Yes, at the core of his anger issues and a lot of his other issues too, there was that abandoned child, silently screaming his pain, but why think about it when there was no fixing it? He had chosen self-control over any prospect of healing, because sometimes, a thing got so broken that there was no point in trying.

"Are we okay?" she said. Like Cas always did, she misinterpreted his silence as anger.

"We're fine." he said, "I'm sorry. It's not you. Crap from ancient history is rising up."

"Is it Egypt?" she said.

"What?"

"That always gets to me." she said, "Bad memories of some pretty brutal Pharoahs."

He smiled, trying not to laugh. "Not that kind of ancient history." he said.

"Metaphor?"

"That kinda thing, yeah."

"I don't talk about it to hurt you." she said.

"I know and I don't shut it down to hurt you," he said, "But we both get hurt, don't we? Every single time. And maybe, in the end, that's gonna be the rock that wrecks it all, because neither of us is gonna back down."

"Maybe." she said.

"And this is why I told you to find someone else."

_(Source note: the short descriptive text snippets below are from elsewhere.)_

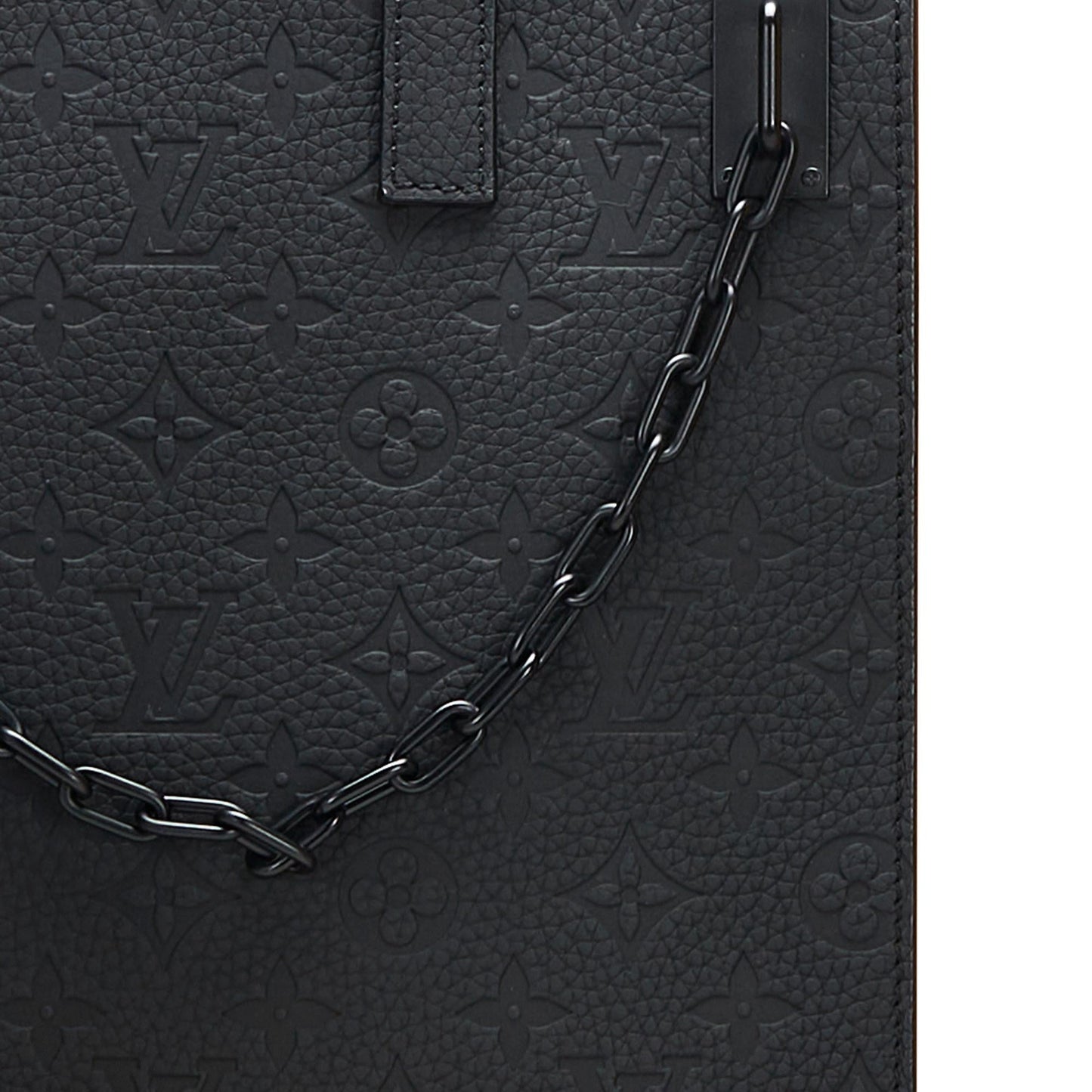 Louis Vuitton Monogram Taurillon Sac Plat (SHG-YouJrv)
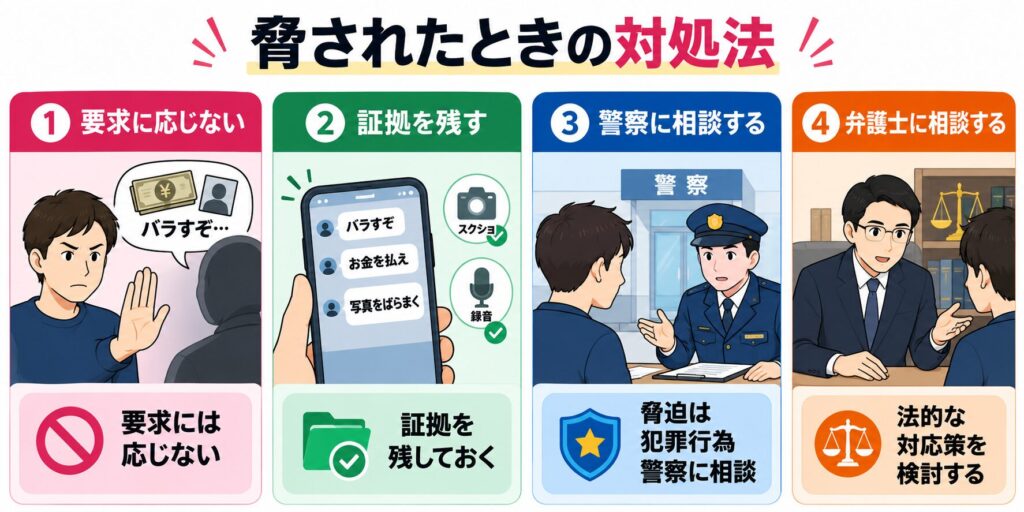 脅されたときの対処法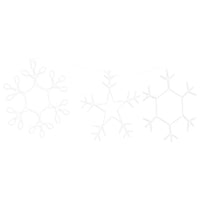 Fiocco di Neve di Natale Bianco caldo 45 x 38 cm PVC 42018955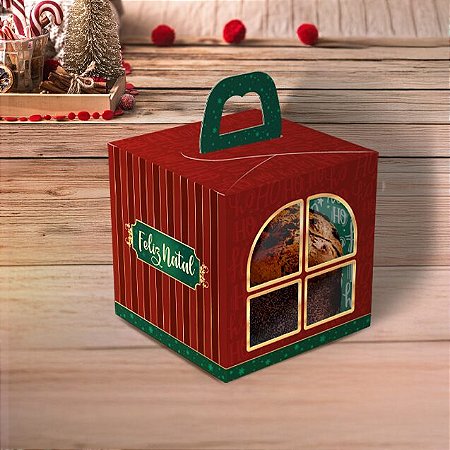 CAIXA MINI PANETONE JANELA C/ ALCA NOEL PCT C/ 10 UN C5744 IDEIA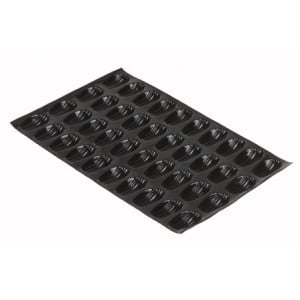 Stampo per Madeleines - 40 Impronte - 78 x 47 mm - Matfer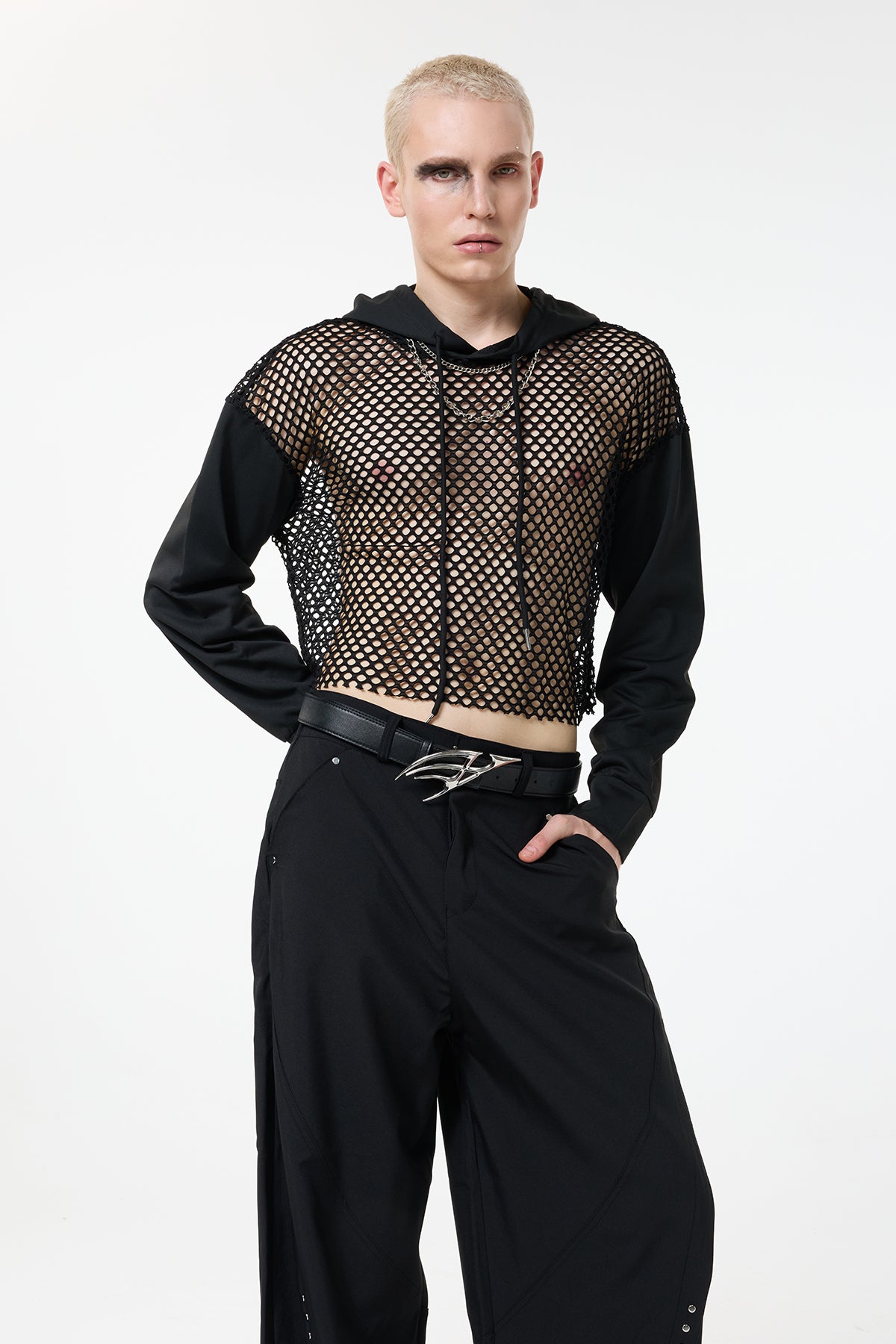Void Standard Cutout Long Sleeve Hoodie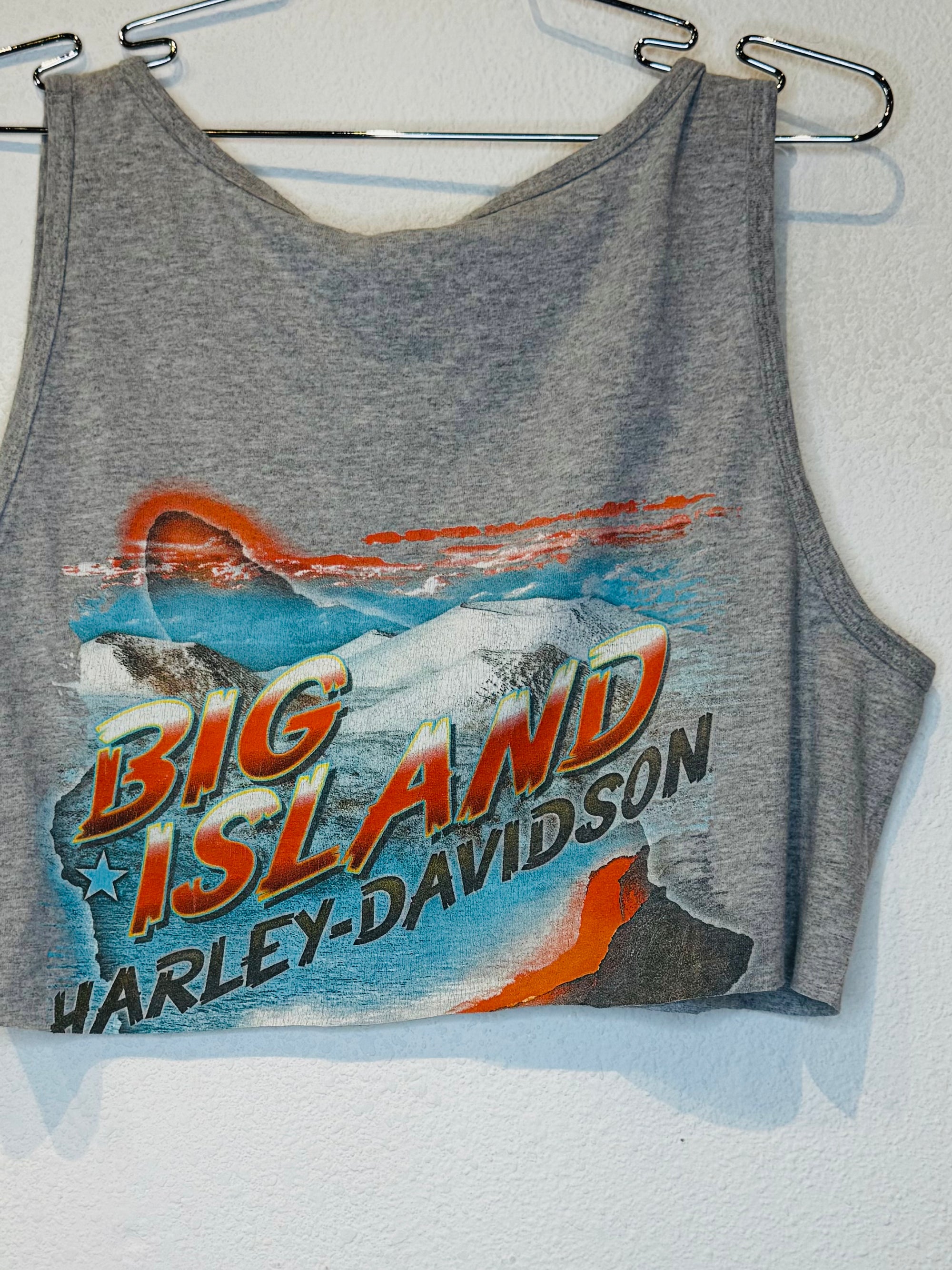 Big Island Harley Vintage Crop Tank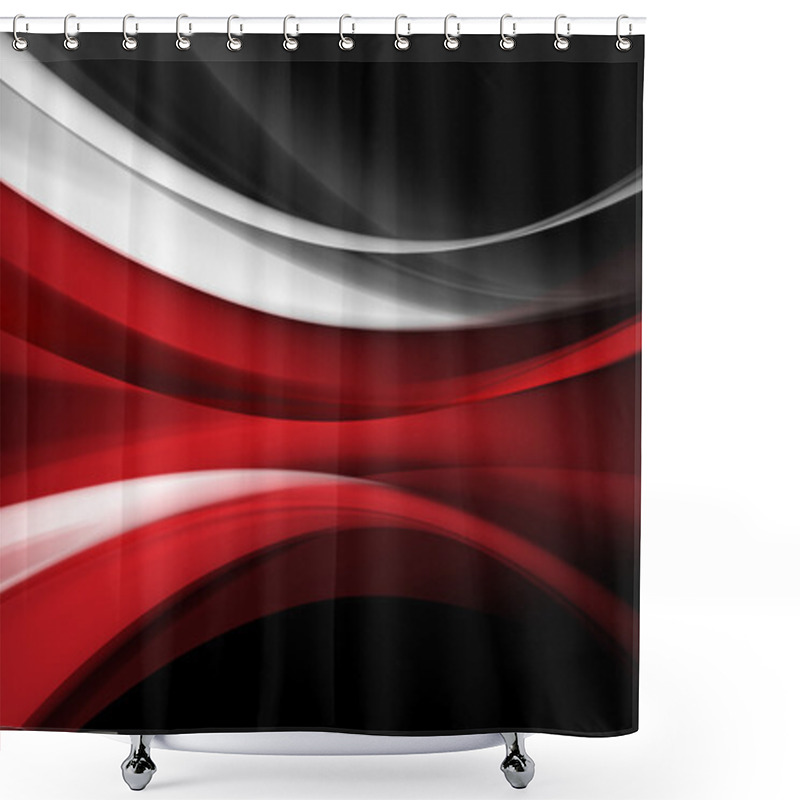 Personality  Red Lines Shower Curtains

"I know, but I don't want anyone else."

"I can't back down, okay? I can't." he said.

"I know you feel that way."

"But you still want to be human."

"I still want to be human. I am human."

"No. I'm sorry, but you're not." he said.

"Sometimes I think I'm more human than you are." she said.

He shrugged, wishing he could disagree. "You probably are." he said, "And maybe, that's enough."

"I want a baseball cap." she said, the change in subject and tone a complete surprise, but very welcome.

"That, we can do." he said.

"And I want to stay with you for as long as I can."

"At least we agree on something."

She looked over to the cookie display. "Could I have a cookie?" she said.

He nodded. "Everyone deserves a cookie."